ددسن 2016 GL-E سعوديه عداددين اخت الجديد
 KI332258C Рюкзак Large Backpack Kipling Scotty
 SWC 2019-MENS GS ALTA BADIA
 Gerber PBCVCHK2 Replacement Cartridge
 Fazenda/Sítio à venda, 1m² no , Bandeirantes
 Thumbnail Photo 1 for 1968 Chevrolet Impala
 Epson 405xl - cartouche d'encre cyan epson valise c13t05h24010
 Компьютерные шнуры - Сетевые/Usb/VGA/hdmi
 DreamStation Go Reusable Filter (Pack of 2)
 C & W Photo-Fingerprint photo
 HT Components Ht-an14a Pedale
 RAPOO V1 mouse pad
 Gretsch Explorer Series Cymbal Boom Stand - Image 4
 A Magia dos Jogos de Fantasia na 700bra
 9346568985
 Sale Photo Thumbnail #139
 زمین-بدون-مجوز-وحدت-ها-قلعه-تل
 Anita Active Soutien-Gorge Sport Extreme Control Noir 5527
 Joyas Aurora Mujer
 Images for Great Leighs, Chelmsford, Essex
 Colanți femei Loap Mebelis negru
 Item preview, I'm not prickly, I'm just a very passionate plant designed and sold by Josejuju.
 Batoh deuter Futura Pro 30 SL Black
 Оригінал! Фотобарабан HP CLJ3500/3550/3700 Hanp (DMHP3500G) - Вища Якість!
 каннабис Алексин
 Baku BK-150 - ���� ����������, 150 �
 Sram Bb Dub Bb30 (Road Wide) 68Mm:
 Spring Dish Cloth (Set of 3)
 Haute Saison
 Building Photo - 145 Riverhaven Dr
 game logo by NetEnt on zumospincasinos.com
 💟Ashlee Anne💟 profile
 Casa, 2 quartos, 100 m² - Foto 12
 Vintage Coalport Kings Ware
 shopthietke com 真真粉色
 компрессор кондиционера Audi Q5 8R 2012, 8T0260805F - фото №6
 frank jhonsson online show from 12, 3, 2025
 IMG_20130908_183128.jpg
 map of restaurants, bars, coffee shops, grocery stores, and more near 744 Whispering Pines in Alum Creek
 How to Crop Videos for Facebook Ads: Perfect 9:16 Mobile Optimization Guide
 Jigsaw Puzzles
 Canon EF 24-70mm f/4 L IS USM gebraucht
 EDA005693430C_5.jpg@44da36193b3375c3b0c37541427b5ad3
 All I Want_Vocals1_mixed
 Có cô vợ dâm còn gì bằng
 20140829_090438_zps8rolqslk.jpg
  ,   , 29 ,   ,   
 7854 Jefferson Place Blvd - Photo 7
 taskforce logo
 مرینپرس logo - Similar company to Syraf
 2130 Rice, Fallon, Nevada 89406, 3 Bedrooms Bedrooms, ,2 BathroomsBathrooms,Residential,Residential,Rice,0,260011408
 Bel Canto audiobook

================

Since only part of the listing is wanted, copy exactly the lines from the one holding "Batoh deuter Futura Pro 30 SL Black" to the one holding "Haute Saison", both included.

» **Task solution**:
 Batoh deuter Futura Pro 30 SL Black
 Оригінал! Фотобарабан HP CLJ3500/3550/3700 Hanp (DMHP3500G) - Вища Якість!
 каннабис Алексин
 Baku BK-150 - ���� ����������, 150 �
 Sram Bb Dub Bb30 (Road Wide) 68Mm:
 Spring Dish Cloth (Set of 3)
 Haute Saison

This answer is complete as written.